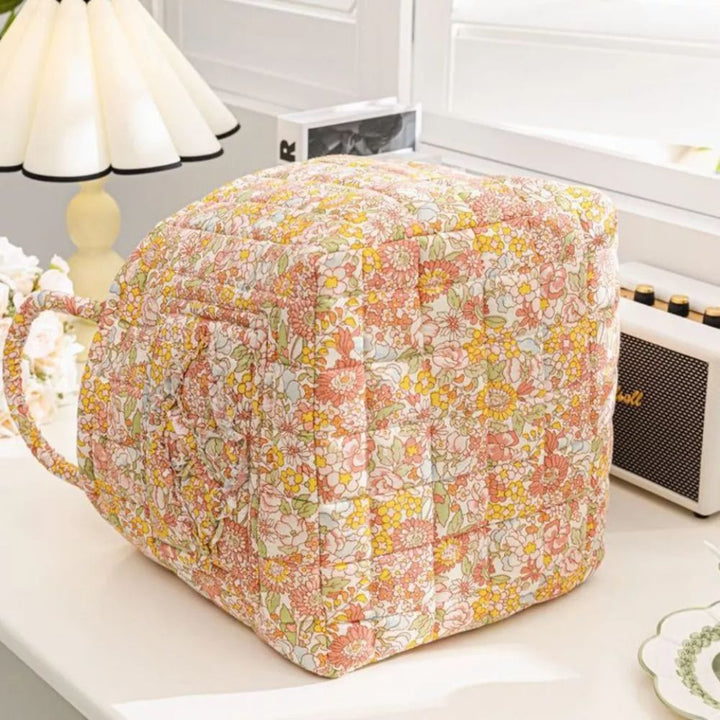 Aufbewahrungskorb aus Stoff mit Blumenmuster 33 x 27 cm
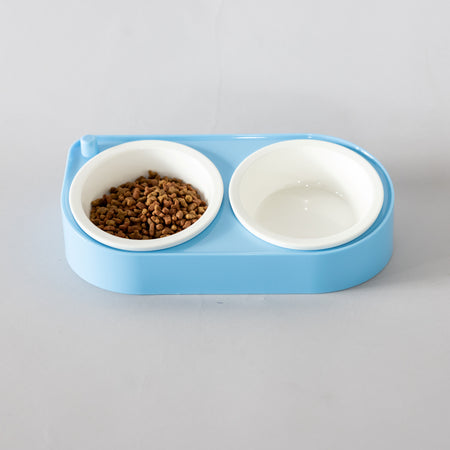 CoBowl | Dubbele Keramische Voederbak voor Kat & Hond (Blauw) 31 x 17 & Ø12cm - 300ml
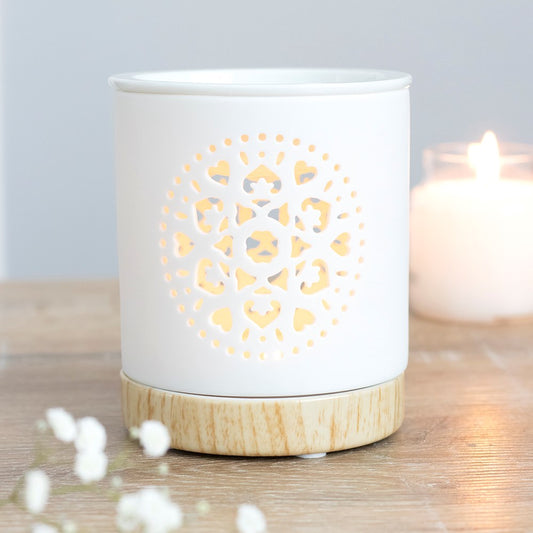 White Mandala Cut Out Wax Melt Burner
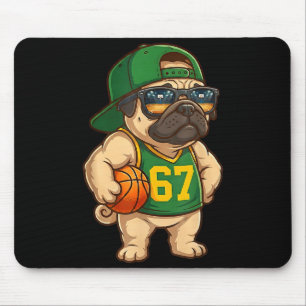 Pug Basketball Dog 67 Gen Alpha Slang Srts Men Boy Mouse Mat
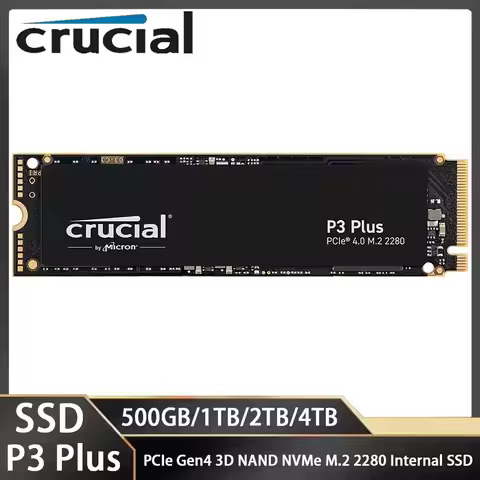 Crucial P3 Plus SSD 2TB 1TB 4TB 500GB PCIe Gen4 3D NAND NVMe M.2 2280 up to 5000MB/s Internal Solid 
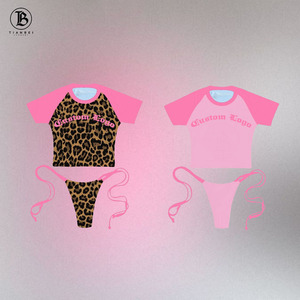 Ensemble bikini deux pièces mini pour femme, style <span class=keywords><strong>t</strong></span>-<span class=keywords><strong>shirt</strong></span> court, avec logo personnalisé, collection é<span class=keywords><strong>t</strong></span>é 2026 – Maillot <span class=keywords><strong>de</strong></span> <span class=keywords><strong>bain</strong></span> pour femme - Product Image 1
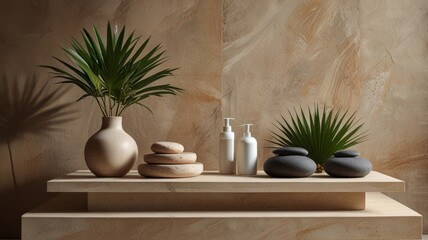 Minimalist Display: Sustainable Wood Podium for Cosmetics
--- --- ---
== What is required ==
The lines to be transcribed are those from the first line of the data above through the line holding "Ensemble bikini deux", inclusive; copy them exactly and only, leaving out the pictures.

== Exercise result ==
 Aufbewahrungskorb aus Stoff mit Blumenmuster 33 x 27 cm
 CoBowl | Dubbele Keramische Voederbak voor Kat & Hond (Blauw) 31 x 17 & Ø12cm - 300ml
 White Mandala Cut Out Wax Melt Burner
 Pug Basketball Dog 67 Gen Alpha Slang Srts Men Boy Mouse Mat
 Crucial P3 Plus SSD 2TB 1TB 4TB 500GB PCIe Gen4 3D NAND NVMe M.2 2280 up to 5000MB/s Internal Solid 
 Ensemble bikini deux pièces mini pour femme, style <span class=keywords><strong>t</strong></span>-<span class=keywords><strong>shirt</strong></span> court, avec logo personnalisé, collection é<span class=keywords><strong>t</strong></span>é 2026 – Maillot <span class=keywords><strong>de</strong></span> <span class=keywords><strong>bain</strong></span> pour femme - Product Image 1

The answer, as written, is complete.